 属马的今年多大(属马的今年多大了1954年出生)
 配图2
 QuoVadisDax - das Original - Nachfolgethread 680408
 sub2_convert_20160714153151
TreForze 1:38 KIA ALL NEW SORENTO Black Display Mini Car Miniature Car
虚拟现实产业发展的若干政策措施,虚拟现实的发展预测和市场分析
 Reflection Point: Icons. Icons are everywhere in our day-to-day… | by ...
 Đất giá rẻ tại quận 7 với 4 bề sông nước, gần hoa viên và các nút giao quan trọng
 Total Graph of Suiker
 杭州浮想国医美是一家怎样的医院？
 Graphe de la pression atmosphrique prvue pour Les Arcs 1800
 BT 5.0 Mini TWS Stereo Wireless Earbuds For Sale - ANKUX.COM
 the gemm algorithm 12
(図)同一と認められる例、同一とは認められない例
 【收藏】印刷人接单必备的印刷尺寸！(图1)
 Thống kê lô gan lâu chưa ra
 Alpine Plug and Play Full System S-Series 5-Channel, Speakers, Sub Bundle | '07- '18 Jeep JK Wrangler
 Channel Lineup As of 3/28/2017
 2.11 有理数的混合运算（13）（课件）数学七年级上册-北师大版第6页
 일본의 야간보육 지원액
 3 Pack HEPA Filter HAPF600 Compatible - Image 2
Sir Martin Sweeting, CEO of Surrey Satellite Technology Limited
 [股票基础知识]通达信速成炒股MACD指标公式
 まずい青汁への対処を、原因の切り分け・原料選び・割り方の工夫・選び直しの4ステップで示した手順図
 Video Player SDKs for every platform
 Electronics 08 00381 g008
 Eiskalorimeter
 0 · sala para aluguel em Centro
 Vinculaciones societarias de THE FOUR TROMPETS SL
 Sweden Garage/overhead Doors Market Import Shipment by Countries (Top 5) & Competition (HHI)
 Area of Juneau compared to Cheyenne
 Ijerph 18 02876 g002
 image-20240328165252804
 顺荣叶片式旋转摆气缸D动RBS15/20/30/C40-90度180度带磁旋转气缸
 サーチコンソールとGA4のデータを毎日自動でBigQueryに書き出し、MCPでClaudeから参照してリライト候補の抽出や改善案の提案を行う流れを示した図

^^^^^^^^

» Directions for this task: Output each line of the material exactly as it was written above.

» Answer to this exercise:
 属马的今年多大(属马的今年多大了1954年出生)
 配图2
 QuoVadisDax - das Original - Nachfolgethread 680408
 sub2_convert_20160714153151
TreForze 1:38 KIA ALL NEW SORENTO Black Display Mini Car Miniature Car
虚拟现实产业发展的若干政策措施,虚拟现实的发展预测和市场分析
 Reflection Point: Icons. Icons are everywhere in our day-to-day… | by ...
 Đất giá rẻ tại quận 7 với 4 bề sông nước, gần hoa viên và các nút giao quan trọng
 Total Graph of Suiker
 杭州浮想国医美是一家怎样的医院？
 Graphe de la pression atmosphrique prvue pour Les Arcs 1800
 BT 5.0 Mini TWS Stereo Wireless Earbuds For Sale - ANKUX.COM
 the gemm algorithm 12
(図)同一と認められる例、同一とは認められない例
 【收藏】印刷人接单必备的印刷尺寸！(图1)
 Thống kê lô gan lâu chưa ra
 Alpine Plug and Play Full System S-Series 5-Channel, Speakers, Sub Bundle | '07- '18 Jeep JK Wrangler
 Channel Lineup As of 3/28/2017
 2.11 有理数的混合运算（13）（课件）数学七年级上册-北师大版第6页
 일본의 야간보육 지원액
 3 Pack HEPA Filter HAPF600 Compatible - Image 2
Sir Martin Sweeting, CEO of Surrey Satellite Technology Limited
 [股票基础知识]通达信速成炒股MACD指标公式
 まずい青汁への対処を、原因の切り分け・原料選び・割り方の工夫・選び直しの4ステップで示した手順図
 Video Player SDKs for every platform
 Electronics 08 00381 g008
 Eiskalorimeter
 0 · sala para aluguel em Centro
 Vinculaciones societarias de THE FOUR TROMPETS SL
 Sweden Garage/overhead Doors Market Import Shipment by Countries (Top 5) & Competition (HHI)
 Area of Juneau compared to Cheyenne
 Ijerph 18 02876 g002
 image-20240328165252804
 顺荣叶片式旋转摆气缸D动RBS15/20/30/C40-90度180度带磁旋转气缸
 サーチコンソールとGA4のデータを毎日自動でBigQueryに書き出し、MCPでClaudeから参照してリライト候補の抽出や改善案の提案を行う流れを示した図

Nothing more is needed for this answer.